**PROBLEM TO WORK ON**
Return only the stretch of the material below that begins with the line containing "INDUSTRIE THE TENNYSON" and ends with the line containing "Embroidered Asymmetric Floral Mini Skirt", exactly; both of those lines belong to it.

▬▬▬▬▬▬▬▬▬▬

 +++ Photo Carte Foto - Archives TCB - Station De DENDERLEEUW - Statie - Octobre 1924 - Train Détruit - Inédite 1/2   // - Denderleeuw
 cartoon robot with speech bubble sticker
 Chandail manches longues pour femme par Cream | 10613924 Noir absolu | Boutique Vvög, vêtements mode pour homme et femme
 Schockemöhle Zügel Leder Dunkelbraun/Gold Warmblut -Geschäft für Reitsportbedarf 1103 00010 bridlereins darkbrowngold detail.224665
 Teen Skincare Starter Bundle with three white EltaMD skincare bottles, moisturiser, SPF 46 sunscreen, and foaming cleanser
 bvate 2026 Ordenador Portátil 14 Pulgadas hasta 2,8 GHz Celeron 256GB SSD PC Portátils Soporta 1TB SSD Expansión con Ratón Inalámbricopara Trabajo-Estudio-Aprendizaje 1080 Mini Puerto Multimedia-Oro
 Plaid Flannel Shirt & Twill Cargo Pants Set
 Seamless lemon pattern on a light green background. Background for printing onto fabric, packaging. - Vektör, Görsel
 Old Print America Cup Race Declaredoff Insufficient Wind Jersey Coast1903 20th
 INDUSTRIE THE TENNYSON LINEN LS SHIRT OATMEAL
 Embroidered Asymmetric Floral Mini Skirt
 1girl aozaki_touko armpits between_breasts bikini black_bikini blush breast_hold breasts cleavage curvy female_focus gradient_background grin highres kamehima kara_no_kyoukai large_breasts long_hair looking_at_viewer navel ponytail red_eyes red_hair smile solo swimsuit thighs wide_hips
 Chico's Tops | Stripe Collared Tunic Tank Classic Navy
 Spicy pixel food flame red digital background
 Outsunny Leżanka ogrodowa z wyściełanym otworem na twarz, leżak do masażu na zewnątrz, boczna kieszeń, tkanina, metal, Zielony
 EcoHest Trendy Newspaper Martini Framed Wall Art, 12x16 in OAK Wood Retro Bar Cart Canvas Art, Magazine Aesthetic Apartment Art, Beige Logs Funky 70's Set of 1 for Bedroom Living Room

▬▬▬▬▬▬▬▬▬▬

**RESULT OF THIS TASK**
 INDUSTRIE THE TENNYSON LINEN LS SHIRT OATMEAL
 Embroidered Asymmetric Floral Mini Skirt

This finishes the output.